=== INFORMATION ===

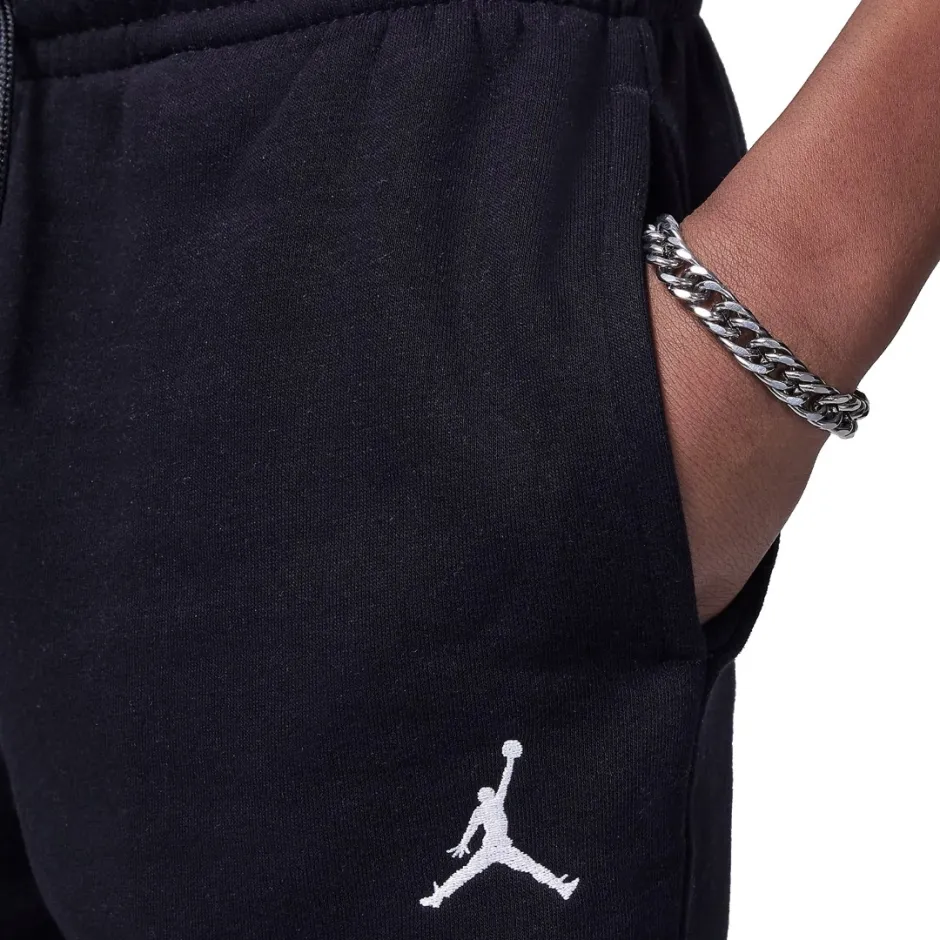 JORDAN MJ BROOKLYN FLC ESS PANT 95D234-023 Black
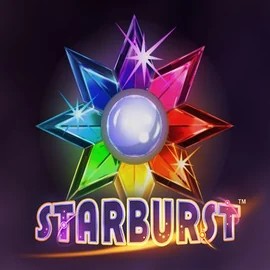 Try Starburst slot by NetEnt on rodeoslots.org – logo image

===
=== INFORMATION ===

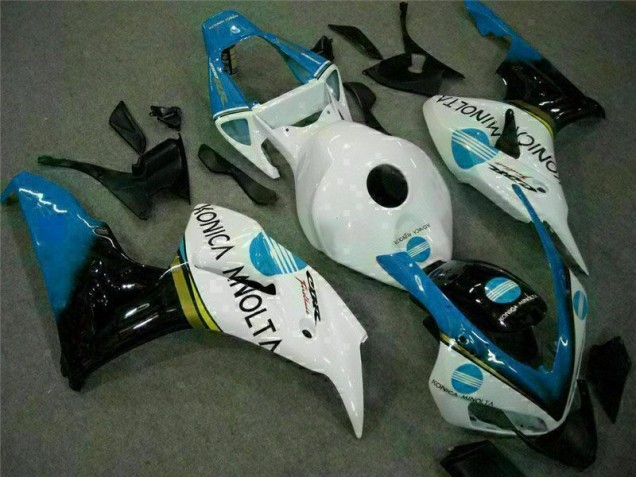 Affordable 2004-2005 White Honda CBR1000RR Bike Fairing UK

===

(WHAT IS BEING ASKED):
Starting at the line containing "JORDAN MJ BROOKLYN" and stopping at the line containing "Try Starburst slot", output each line exactly as it appears above. Leave out the pictures.

(YOUR SOLUTION):
 JORDAN MJ BROOKLYN FLC ESS PANT 95D234-023 Black
 Try Starburst slot by NetEnt on rodeoslots.org – logo image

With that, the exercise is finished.